= Instructions to follow =
The answer must consist only of the lines in the records below from the line with "Cilly - Simpel" to the line with "vestido delicado floral", both included, copied word for word with every picture left out.

= The data =

• • •

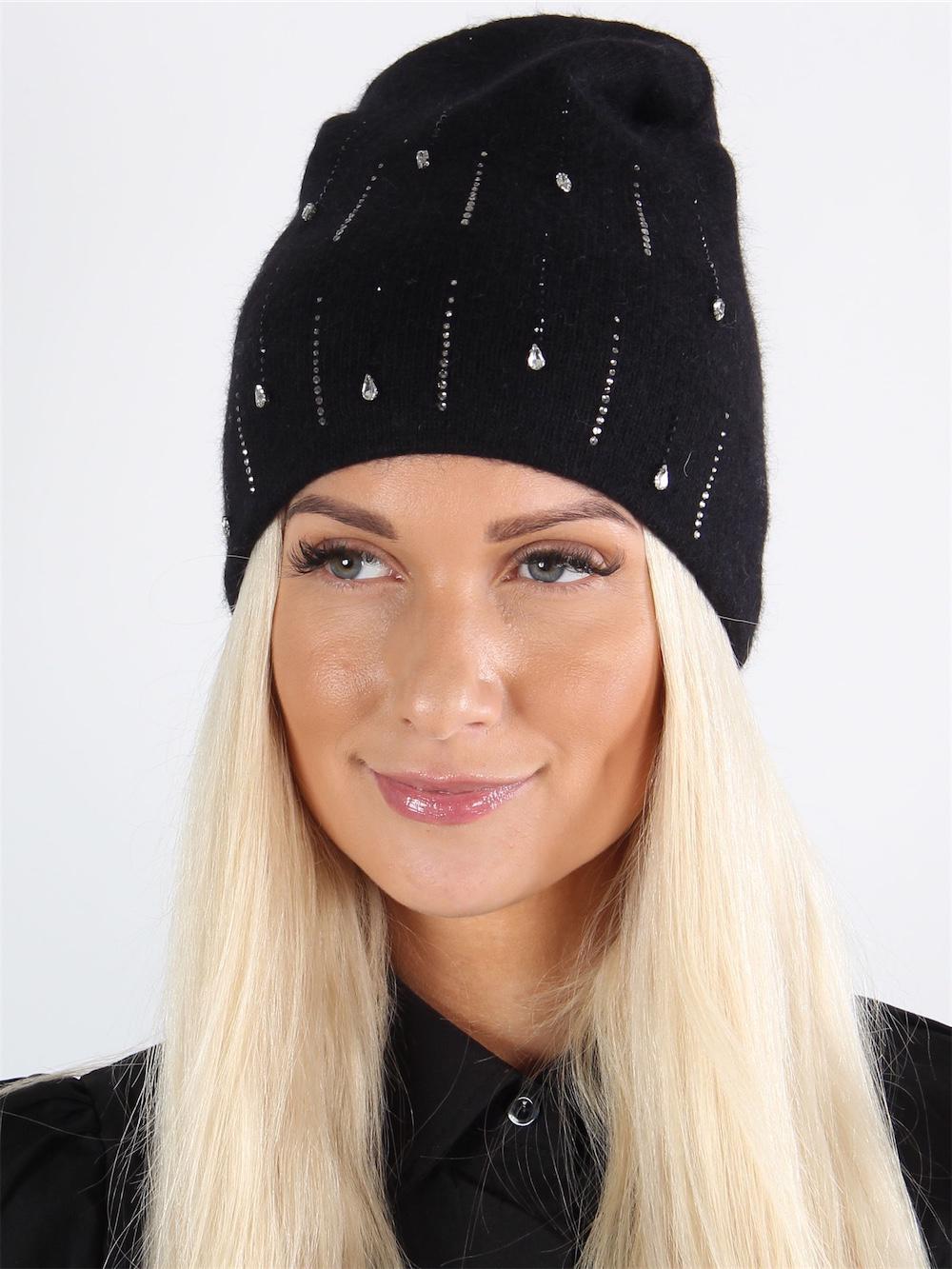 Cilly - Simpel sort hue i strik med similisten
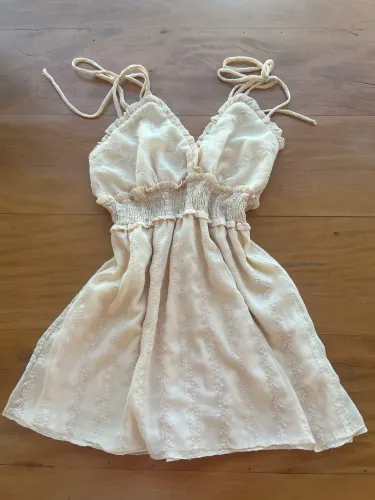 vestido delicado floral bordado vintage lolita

• • •

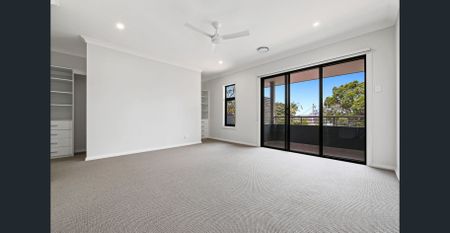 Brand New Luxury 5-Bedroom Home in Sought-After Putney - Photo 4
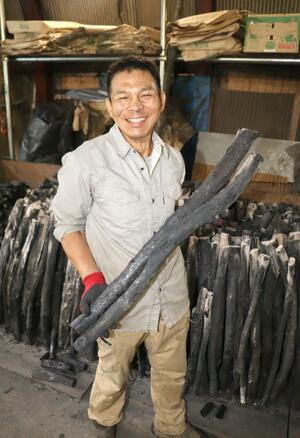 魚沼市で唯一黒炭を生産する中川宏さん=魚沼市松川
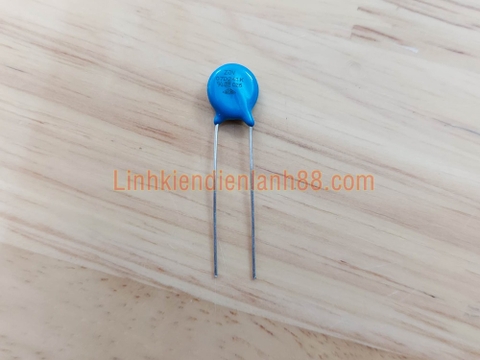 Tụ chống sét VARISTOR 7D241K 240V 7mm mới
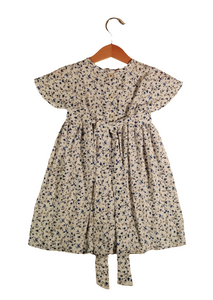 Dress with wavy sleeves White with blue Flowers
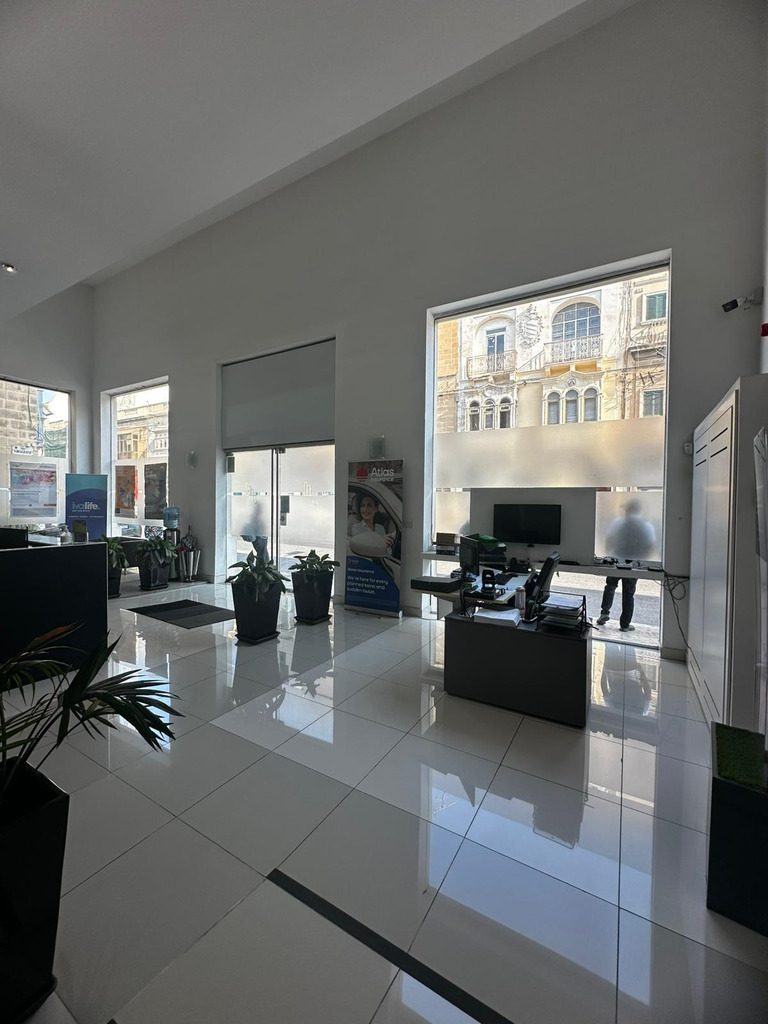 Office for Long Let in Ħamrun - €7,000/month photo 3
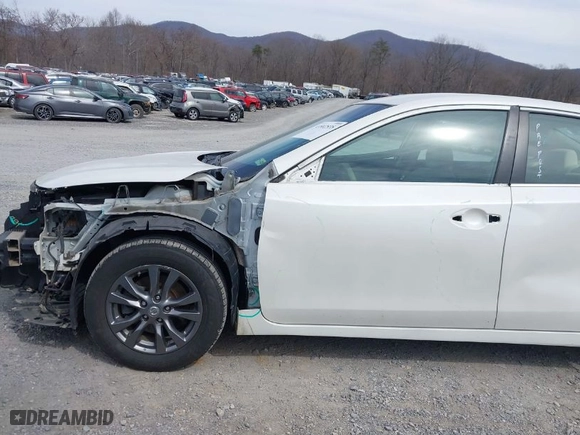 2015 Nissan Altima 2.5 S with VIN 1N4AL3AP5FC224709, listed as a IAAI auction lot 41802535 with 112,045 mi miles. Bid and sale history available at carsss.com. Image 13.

• • •

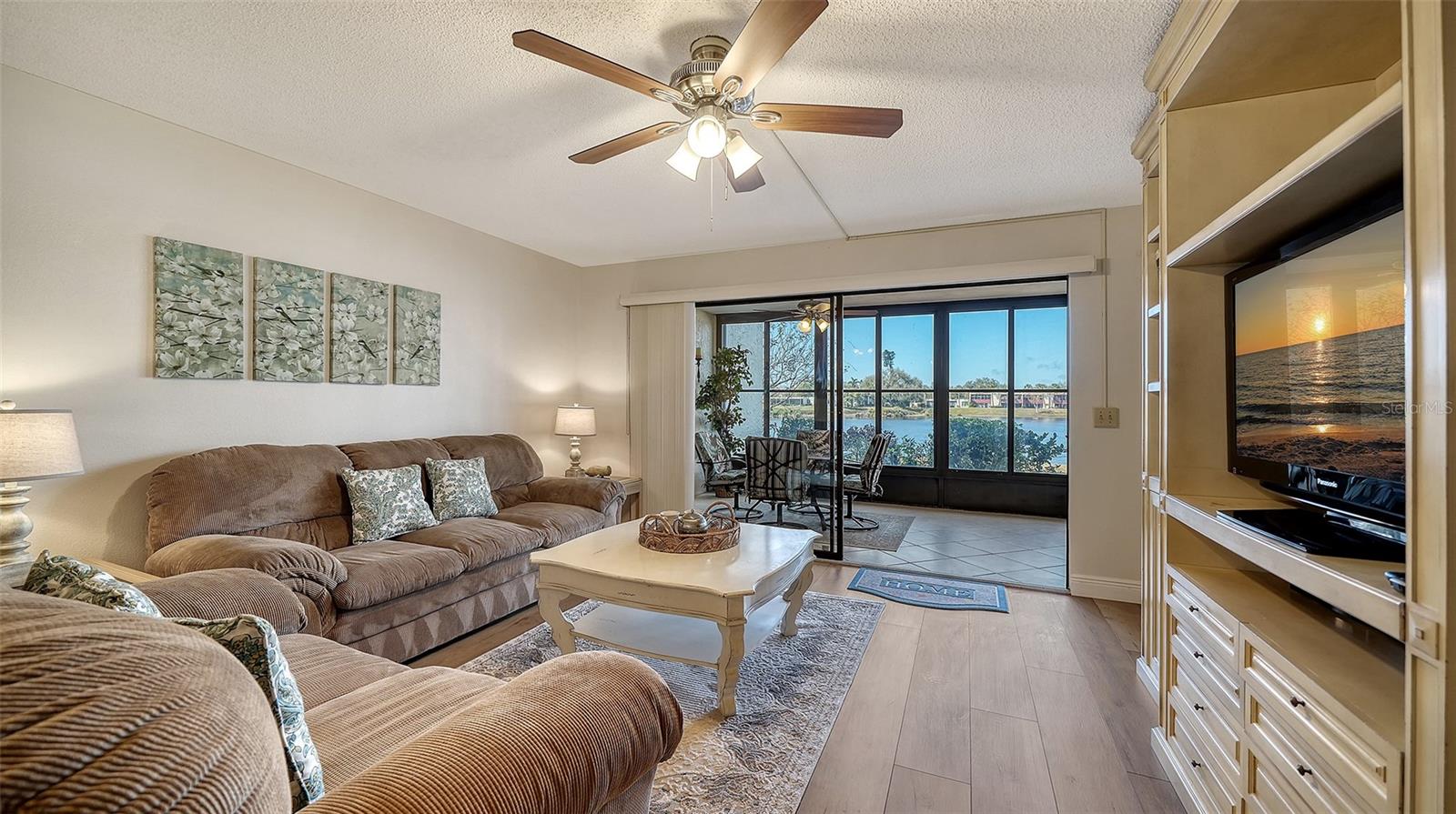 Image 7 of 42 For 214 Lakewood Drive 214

• • •

= Written answer =
 Cilly - Simpel sort hue i strik med similisten
 vestido delicado floral bordado vintage lolita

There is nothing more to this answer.